Data extracts: Begin
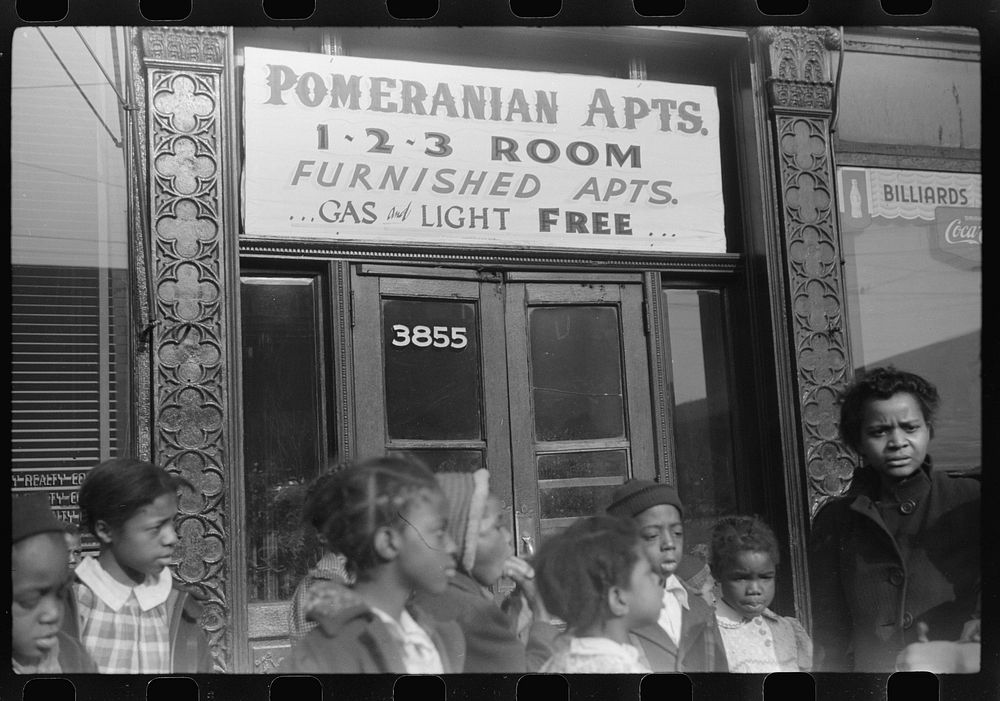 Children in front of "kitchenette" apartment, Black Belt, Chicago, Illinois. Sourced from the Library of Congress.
Data extracts: End
Data extracts: Begin
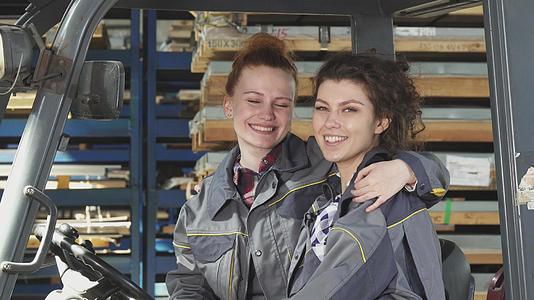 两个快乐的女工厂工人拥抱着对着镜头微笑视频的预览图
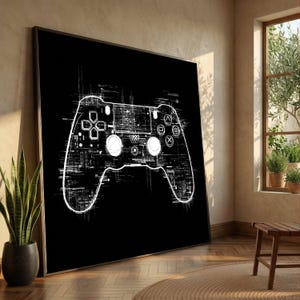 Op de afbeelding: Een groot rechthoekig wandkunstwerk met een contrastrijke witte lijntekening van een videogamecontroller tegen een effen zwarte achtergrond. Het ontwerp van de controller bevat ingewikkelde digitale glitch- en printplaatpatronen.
Data extracts: End
Prompt: Using the entries above, transcribe every line from the line containing "两个快乐的女工厂工人拥抱着对着镜头微笑视频的预览图" through the line containing "Op de afbeelding: Een". Do not copy pictures.

Exercise answer:
 两个快乐的女工厂工人拥抱着对着镜头微笑视频的预览图
 Op de afbeelding: Een groot rechthoekig wandkunstwerk met een contrastrijke witte lijntekening van een videogamecontroller tegen een effen zwarte achtergrond. Het ontwerp van de controller bevat ingewikkelde digitale glitch- en printplaatpatronen.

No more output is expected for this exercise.